Data preparation in SPSS Statistics
Data preparation is an integral part of every research project and is often the most time-consuming activity in a project. Different projects will require different types of data preparation, so there is no prescribed sequence in which data preparation tasks should be undertaken.
The following table lists some of the most common data preparation tasks, along with the SPSS submenu that will help you with these data preparation activity.
Data and Transform Menu Procedures
Activity | Submenu(s) | Useful For |
Selecting a subset of cases | Select Cases or Split File | Running an analysis on only a portion of the data (such as customers who live in a particular region) |
Identifying unusual cases | Identify Unusual Cases or Sort Cases | Sorting cases in ascending or descending order based on the values of one or more variables to view extreme cases |
Removing duplicate cases | Identify Duplicate Cases | Identifying an individual who appears several times in the same dataset |
Recoding data values | Recode into Different Variables or Recode into the Same Variable (not recommended) | Modifying a 7-point customer satisfaction survey into the responses (negative, neutral, or positive) after data inspection |
Combining data files | Merge Files Add Cases or Merge Files Add Variables | Combining data that is kept in different locations but must be combined before data analysis can begin |
Creating new variables | Compute Variable | Extracting additional information or insight from the variables originally in the dataset |
Counting occurrences | Count Values within Cases | Counting how often something of interest occurs |
Calculating with date and time variables | Data and Time Wizard | Calculating the amount of time that has passed between time points |
Transforming string to numeric values | Automatic Recode | Modifying string variables so they can be used in more analyses |
Creating groups from continuous data | Visual Binning | Creating groups out of scale variables (income groups from income) |
Calculating summaries across cases | Aggregate | Creating the appropriate level of analysis for the data (taking transactional data so it can be analyzed at the customer level) |
Changing the structure of the data file | Restructure or Transpose | Useful for making variables into cases or cases into variables |
Effects of measurement level
The level of measurement of a variable determines the appropriate summary statistics and graphs to describe data. The following table summarizes the most common summary measures and graphs for each measurement level.
Level of Measurement
Nominal | Ordinal | Scale | |
Definition | Unordered categories | Ordered categories | Numeric values |
Examples | Gender, geographic location, job category | Satisfaction ratings, income groups, ranking of preferences | Number of purchases, cholesterol level, age |
Measures of central tendency | Mode | Median | Median or mean |
Measures of dispersion | None | Min/max/range
|
Min/max/range,
Standard deviation/ variance |
Graph | Pie or bar | Bar | Histogram or box and whiskers plot
|
The prior table showed how level of measurement determines the type of graph you can use to display individual variables. The following table shows which types of graphs are appropriate for different variable combinations.

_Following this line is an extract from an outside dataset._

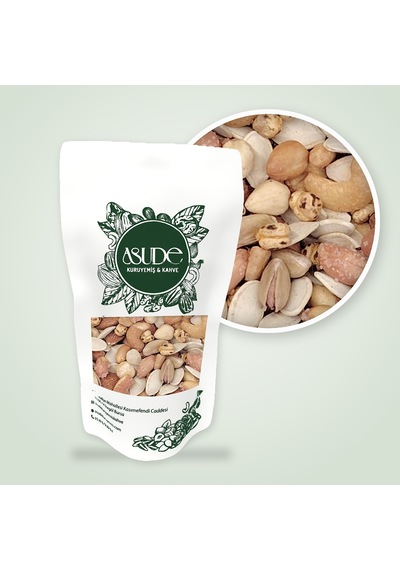 Özel Karışık Kuruyemiş 250 G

Graphs for Variable Combinations
Categorical Dependent | Scale Dependent | |
Categorical Independent | Clustered bar or paneled pie | Error bar or boxplot |
Scale Independent | Error bar or boxplot | Scatter plot |
Reviewing the data file for the first time in SPSS Statistics
After you have your data, you are ready to start exploring it and becoming familiar with its characteristics. Start by reviewing the distribution of each variable and checking the number of valid cases.
When you have a categorical variable, it’s important to know the number of unique values and to make sure there are no more or fewer categories than expected. It’s important also to determine how the cases are distributed among the categories of a variable.
Look for categories that have either very few or very many cases. Either situation could cause problems when analyzing the data, so you may need to exclude those values or combine them with other values (but only if it makes sense) to build a valid analysis.
For continuous variables, check for unusual distributions such as bimodality or a high degree of skewness. Also look at summary statistics and note if there are any deviations from what you expect (lower minimums, higher maximums, different means, or more or less variation in the data values).
Finally, you can easily spot potential problems in data that otherwise appears valid by asking a series of questions:
- Does the distribution of the variable make sense?
- Is this what you were expecting?
- Do you notice any errors?
- Do you notice any unusual values?
- Will you have any potential problems when analyzing this data?